-- Work to be completed --
Every line below should be repeated exactly as written.
***** Data provided *****
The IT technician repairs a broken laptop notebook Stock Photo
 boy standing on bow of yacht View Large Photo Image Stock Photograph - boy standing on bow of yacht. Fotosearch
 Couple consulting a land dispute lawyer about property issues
*****
-- Solution --
The IT technician repairs a broken laptop notebook Stock Photo
 boy standing on bow of yacht View Large Photo Image Stock Photograph - boy standing on bow of yacht. Fotosearch
 Couple consulting a land dispute lawyer about property issues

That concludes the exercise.